Angeregt zur Gesetzesänderung hatte bereits vor über einem Jahr die Partei «Movimento per il socialismo» – «Bewegung für den Sozialismus» – (MPS). Die parlamentarische Kommission «Verfassung und Gesetze» hat nun den Bericht genehmigt, der sich für die Einführung der Meldepflicht ausspricht. Damit ist der Weg frei für eine Debatte und die entsprechende Abstimmung im Tessiner Grossen Rat.

Meldepflicht wird nun diskutiert

Bereits in der übernächsten Session des Parlaments soll die Meldepflicht diskutiert werden. Die zuständige Grossrätin Lara Filippini (SVP) bestätigte auf Anfrage der Nachrichtenagentur Keystone-SDA entsprechende Medienberichte.

Alain de Raemy, Apostolischer Administrator des Bistums Lugano
Alain de Raemy, Apostolischer Administrator des Bistums Lugano

Der Fall des angeklagten Priesters war ans Licht gekommen, so catt.ch, nachdem eines der Opfer, das sich bereits 2021 Bischof Valerio Lazzeri anvertraut hatte, ohne Ergebnisse zu erzielen, im Februar 2024 dieselben Tatsachen dem apostolischen Administrator der Diözese Lugano, Alain de Raemy, offenbart hatte.

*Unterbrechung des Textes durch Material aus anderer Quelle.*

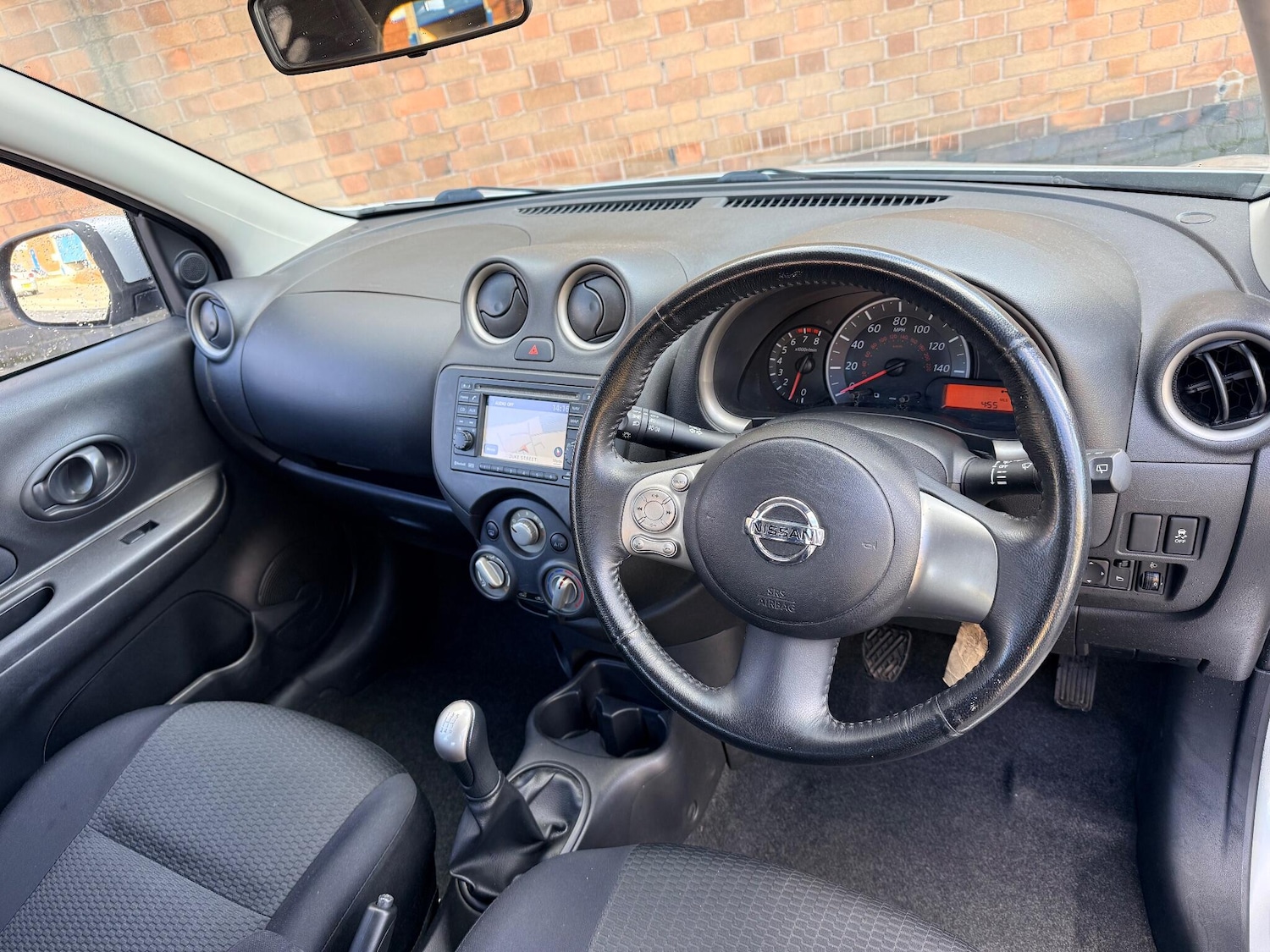 Used Nissan Micra 2011 for sale - 76703630: Photo 11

Nachdem Alain de Raemy dem jungen Mann zugehört hatte, schickte er ihn – wie üblich – an die Expertenkommission für Fälle von sexuellem Missbrauch in der Kirche. Diese sollte das Opfer begleiten und ihm bei der Entscheidung zu helfen, ob es Anzeige erstatten sollte. Dies tat der junge Mann dann im folgenden April.

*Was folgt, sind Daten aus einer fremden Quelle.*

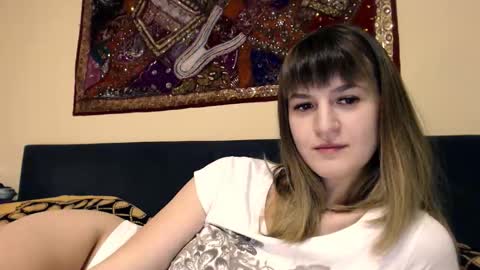 Snapshot of _minnie_boo_ chatting on October 16, 2025, 8:10 pm Boo online show from October 16, 2025, 8:10 pm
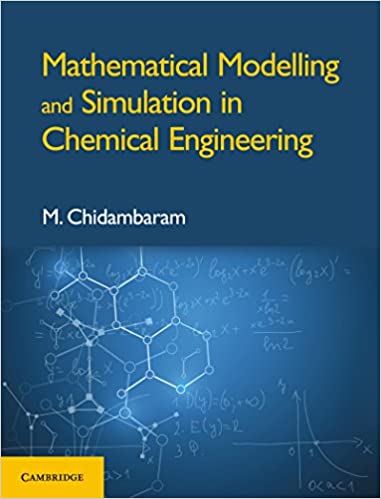  دانلود کتاب Mathematical Modelling And Simulation In Chemical Engineering, 2018 - دانلود کتاب های دانشگاهی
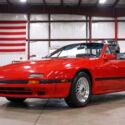 1988 Mazda RX-7  73212 Miles  Convertible 1.3L 2 Rotor 5-Speed Manual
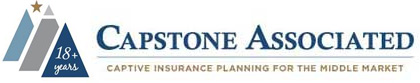 Capstone Associated, Captive Insurance Planning (Copy)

Im August 2024 wurde Priester verhaftet

Vier Monate später, am 7. August 2024, wurde der Priester verhaftet. In der Zwischenzeit kamen weitere Anklagepunkte hinzu, darunter Berührungen und vermeintliche Entspannungsmassagen über der Kleidung gegenüber weiteren neun Personen, fünf Volljährigen und vier Minderjährigen, während die Handlungen gegenüber dem jungen Mann, der Anzeige erstattet hatte, angeblich stattfanden, während dieser schlief.